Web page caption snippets

*** Begin section ***

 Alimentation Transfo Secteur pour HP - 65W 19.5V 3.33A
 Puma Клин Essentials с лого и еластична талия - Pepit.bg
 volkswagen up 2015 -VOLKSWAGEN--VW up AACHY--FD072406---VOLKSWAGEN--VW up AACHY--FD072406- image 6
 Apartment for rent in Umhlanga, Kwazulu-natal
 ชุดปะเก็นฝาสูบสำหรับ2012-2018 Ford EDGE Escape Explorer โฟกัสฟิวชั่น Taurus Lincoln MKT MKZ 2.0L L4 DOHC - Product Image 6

*** End section ***
*** Begin section ***

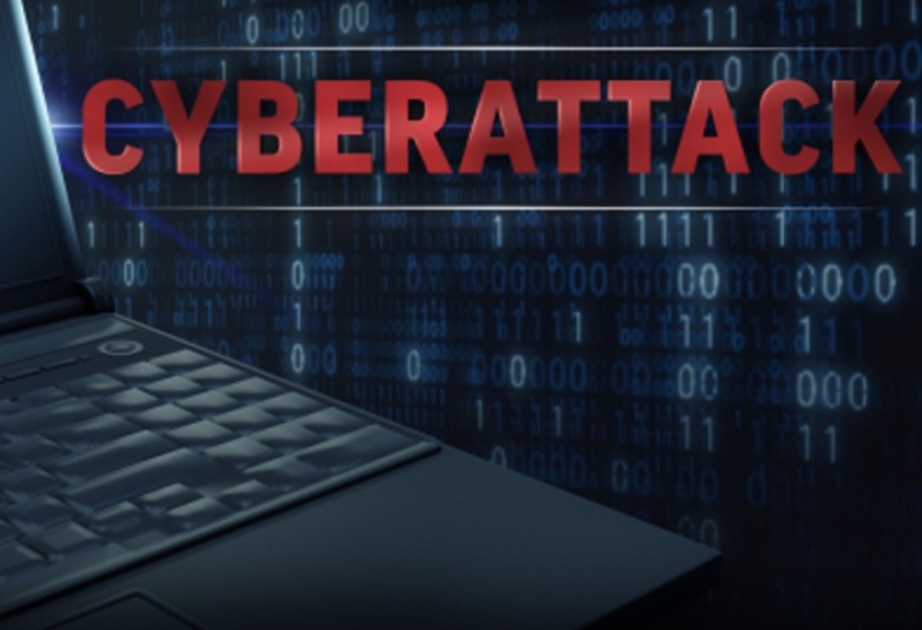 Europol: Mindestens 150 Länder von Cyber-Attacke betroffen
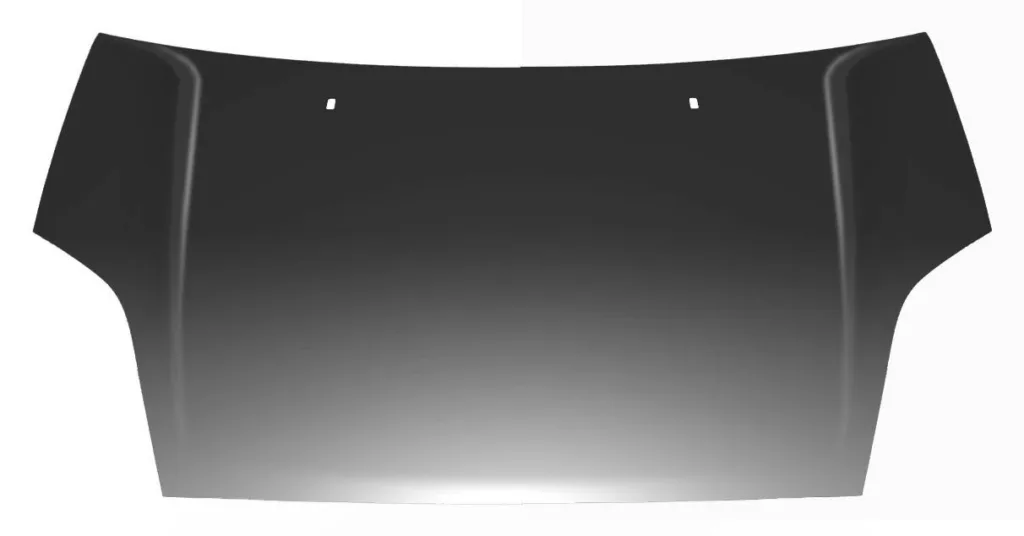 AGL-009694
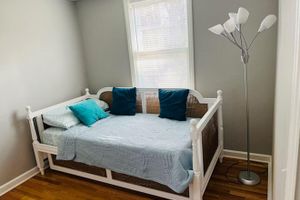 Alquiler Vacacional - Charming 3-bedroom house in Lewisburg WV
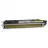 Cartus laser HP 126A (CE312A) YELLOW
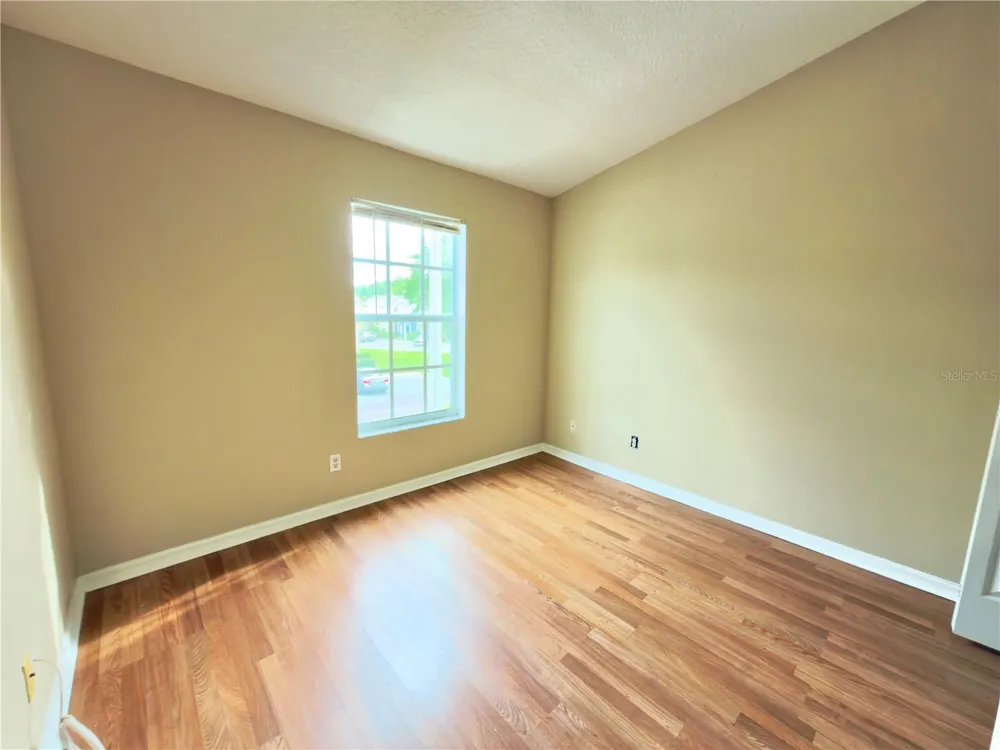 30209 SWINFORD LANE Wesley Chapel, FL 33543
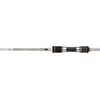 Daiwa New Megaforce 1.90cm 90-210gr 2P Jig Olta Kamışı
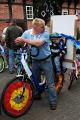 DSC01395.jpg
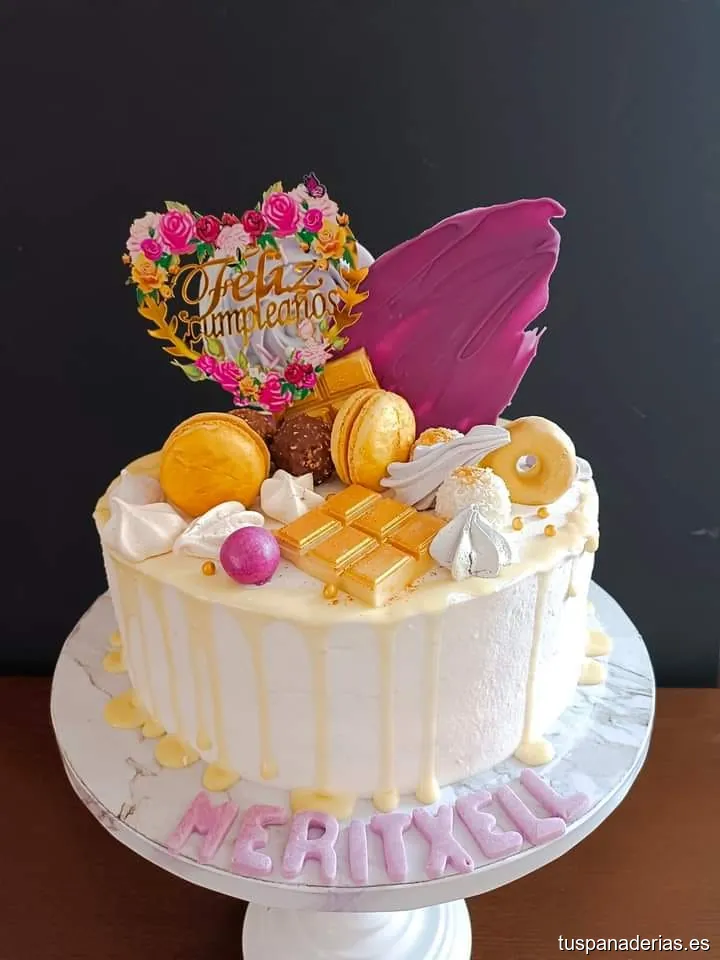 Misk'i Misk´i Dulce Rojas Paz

*** End section ***
*** Begin section ***

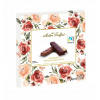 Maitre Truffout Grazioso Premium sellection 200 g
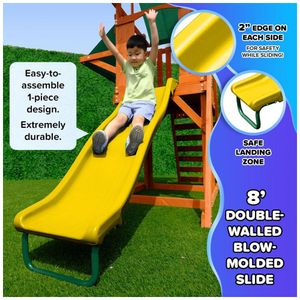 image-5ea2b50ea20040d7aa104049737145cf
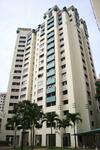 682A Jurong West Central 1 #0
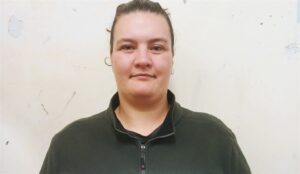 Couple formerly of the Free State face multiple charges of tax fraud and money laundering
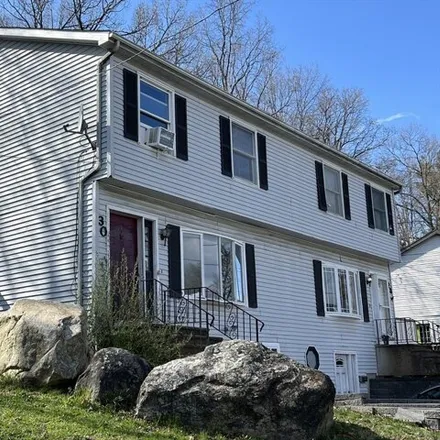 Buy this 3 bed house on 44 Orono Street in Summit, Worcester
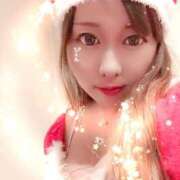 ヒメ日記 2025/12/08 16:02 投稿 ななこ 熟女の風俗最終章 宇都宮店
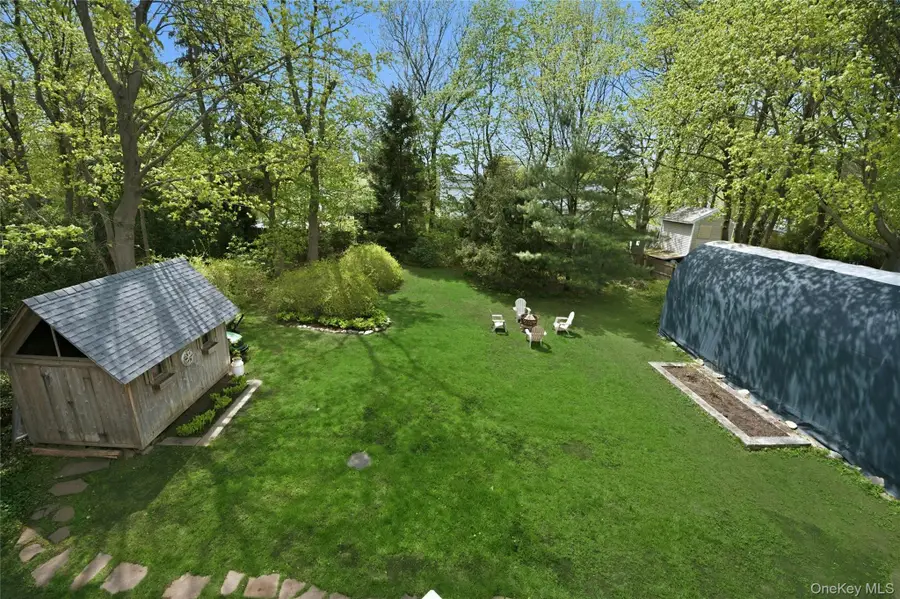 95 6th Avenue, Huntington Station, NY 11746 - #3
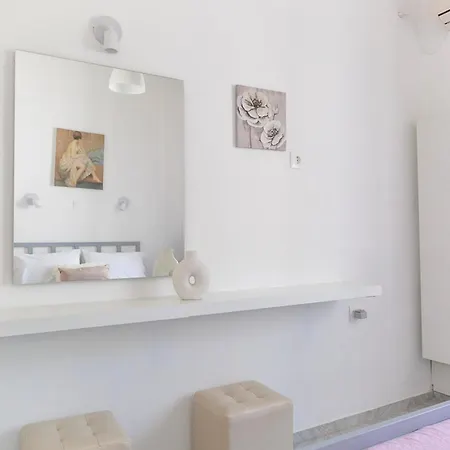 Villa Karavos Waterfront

*** End section ***

EXERCISE BRIEF - With the line that has "Alimentation Transfo Secteur" as the first and the line that has "ชุดปะเก็นฝาสูบสำหรับ2012-2018 Ford EDGE" as the last, repeat exactly that run of lines above and no more.

RESPONSE TO THE TASK -
 Alimentation Transfo Secteur pour HP - 65W 19.5V 3.33A
 Puma Клин Essentials с лого и еластична талия - Pepit.bg
 volkswagen up 2015 -VOLKSWAGEN--VW up AACHY--FD072406---VOLKSWAGEN--VW up AACHY--FD072406- image 6
 Apartment for rent in Umhlanga, Kwazulu-natal
 ชุดปะเก็นฝาสูบสำหรับ2012-2018 Ford EDGE Escape Explorer โฟกัสฟิวชั่น Taurus Lincoln MKT MKZ 2.0L L4 DOHC - Product Image 6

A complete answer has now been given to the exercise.